DATA EXCERPT —
::::::::

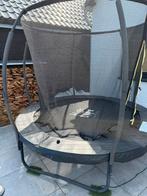 Trampoline, Kinderen en Baby's, Speelgoed | Buiten | Trampolines, Ophalen, Zo goed als nieuw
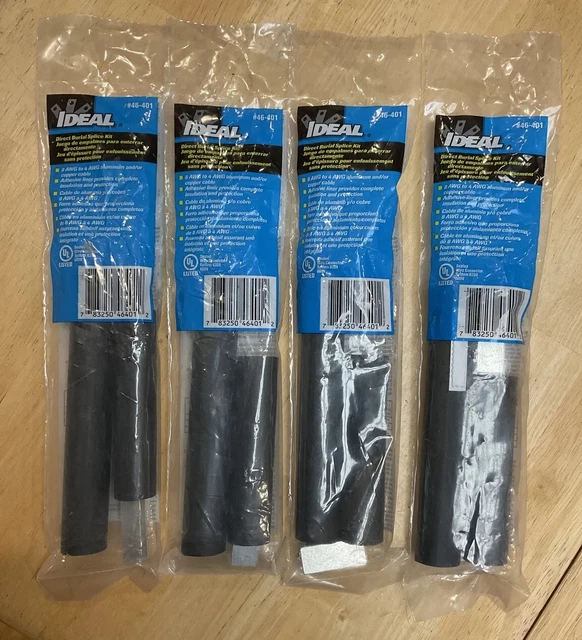 Ideal 46-401 Thermo Shrink Underground Direct Burial Splice Kit 8-4 Awg  W242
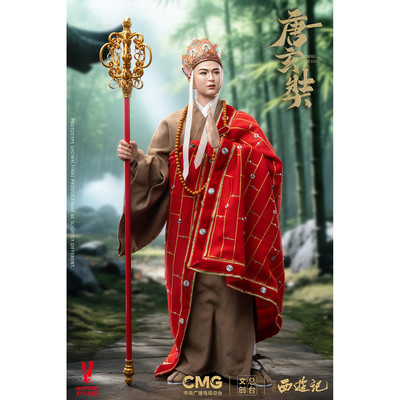 【定金】 VERYCOOL 八六版 西游记 唐玄奘 白龙马 可动人偶 手办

::::::::

TASK TO COMPLETE — For this exercise, transcribe exactly only the lines from the one containing "Ideal 46-401 Thermo" through the end of the listing, inclusive, without the pictures.

WRITTEN SOLUTION —
 Ideal 46-401 Thermo Shrink Underground Direct Burial Splice Kit 8-4 Awg  W242
 【定金】 VERYCOOL 八六版 西游记 唐玄奘 白龙马 可动人偶 手办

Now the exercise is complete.